Work instruction —
From the listing below, reproduce exactly the lines starting with the one with "istock Chinese Organization" and going on through the one with "Détail macro du", both ends kept. No picture is copied.

Material provided —
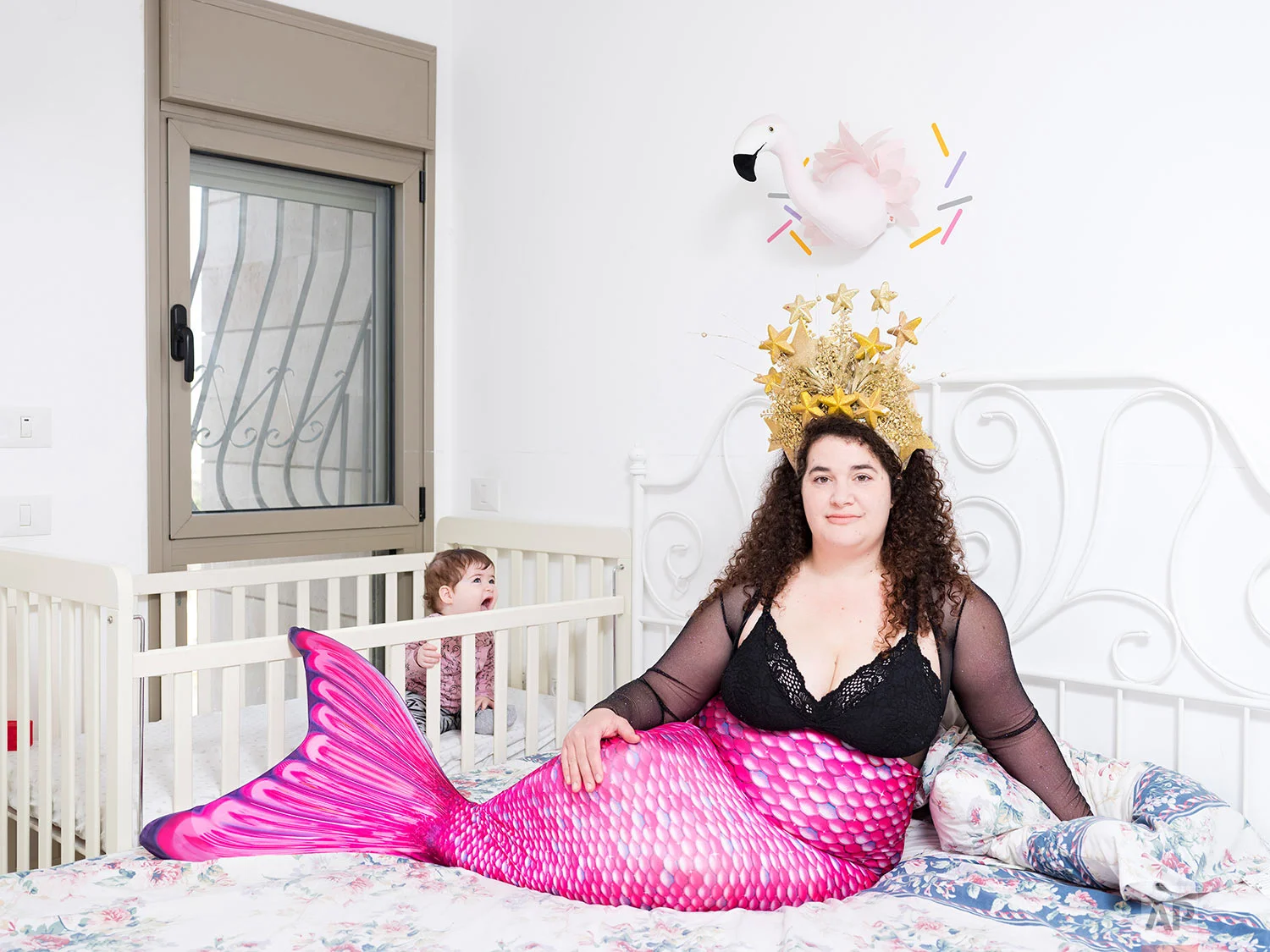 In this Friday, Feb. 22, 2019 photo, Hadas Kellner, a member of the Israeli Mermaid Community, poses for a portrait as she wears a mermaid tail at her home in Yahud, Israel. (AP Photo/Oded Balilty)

...

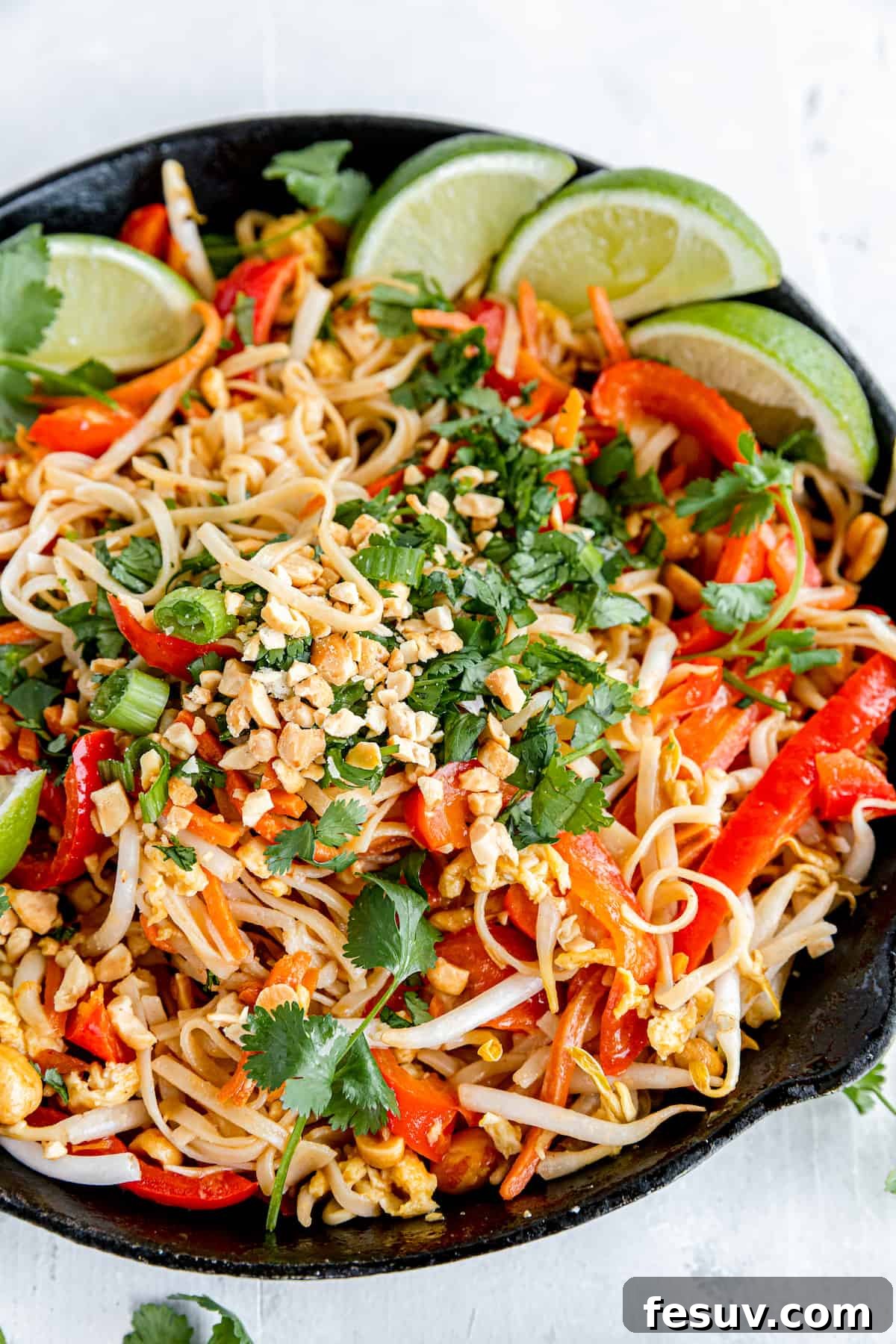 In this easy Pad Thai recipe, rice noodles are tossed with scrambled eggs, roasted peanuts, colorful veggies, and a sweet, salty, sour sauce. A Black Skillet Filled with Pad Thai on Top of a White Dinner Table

--

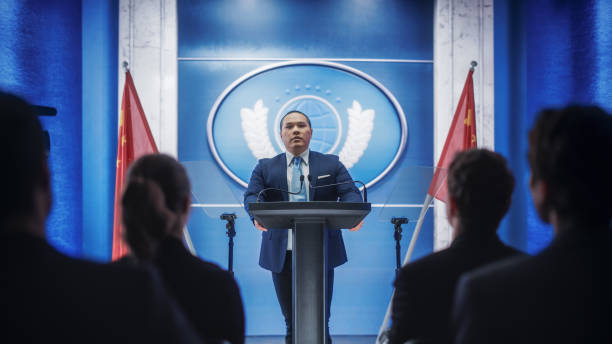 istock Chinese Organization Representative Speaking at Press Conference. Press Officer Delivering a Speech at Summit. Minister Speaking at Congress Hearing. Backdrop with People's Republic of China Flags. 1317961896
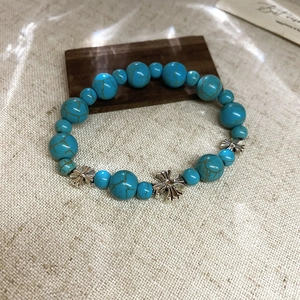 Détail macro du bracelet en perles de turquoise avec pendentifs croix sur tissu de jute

Solution —
 istock Chinese Organization Representative Speaking at Press Conference. Press Officer Delivering a Speech at Summit. Minister Speaking at Congress Hearing. Backdrop with People's Republic of China Flags. 1317961896
 Détail macro du bracelet en perles de turquoise avec pendentifs croix sur tissu de jute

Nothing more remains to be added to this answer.